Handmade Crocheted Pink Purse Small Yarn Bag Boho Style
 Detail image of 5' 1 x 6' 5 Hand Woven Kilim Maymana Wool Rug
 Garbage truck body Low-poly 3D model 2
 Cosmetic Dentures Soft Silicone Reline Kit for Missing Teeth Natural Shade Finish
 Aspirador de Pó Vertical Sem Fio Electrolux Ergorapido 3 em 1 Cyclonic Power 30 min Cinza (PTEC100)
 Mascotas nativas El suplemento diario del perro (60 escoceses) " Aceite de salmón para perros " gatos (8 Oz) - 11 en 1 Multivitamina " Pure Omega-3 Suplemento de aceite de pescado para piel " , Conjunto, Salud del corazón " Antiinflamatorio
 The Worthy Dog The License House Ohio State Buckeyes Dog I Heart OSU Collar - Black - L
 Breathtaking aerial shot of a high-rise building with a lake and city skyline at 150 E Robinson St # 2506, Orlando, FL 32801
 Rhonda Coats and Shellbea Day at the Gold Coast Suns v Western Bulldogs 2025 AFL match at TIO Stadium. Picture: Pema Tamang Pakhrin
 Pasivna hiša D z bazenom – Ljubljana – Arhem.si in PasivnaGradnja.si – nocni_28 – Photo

::::

**INSTRUCTIONS FOR THE TASK**. Write out only the lines from the very start of the entries above to the line that includes "Mascotas nativas El", both ends included, each one unchanged.

**SOLUTION TO THIS EXERCISE**.
Handmade Crocheted Pink Purse Small Yarn Bag Boho Style
 Detail image of 5' 1 x 6' 5 Hand Woven Kilim Maymana Wool Rug
 Garbage truck body Low-poly 3D model 2
 Cosmetic Dentures Soft Silicone Reline Kit for Missing Teeth Natural Shade Finish
 Aspirador de Pó Vertical Sem Fio Electrolux Ergorapido 3 em 1 Cyclonic Power 30 min Cinza (PTEC100)
 Mascotas nativas El suplemento diario del perro (60 escoceses) " Aceite de salmón para perros " gatos (8 Oz) - 11 en 1 Multivitamina " Pure Omega-3 Suplemento de aceite de pescado para piel " , Conjunto, Salud del corazón " Antiinflamatorio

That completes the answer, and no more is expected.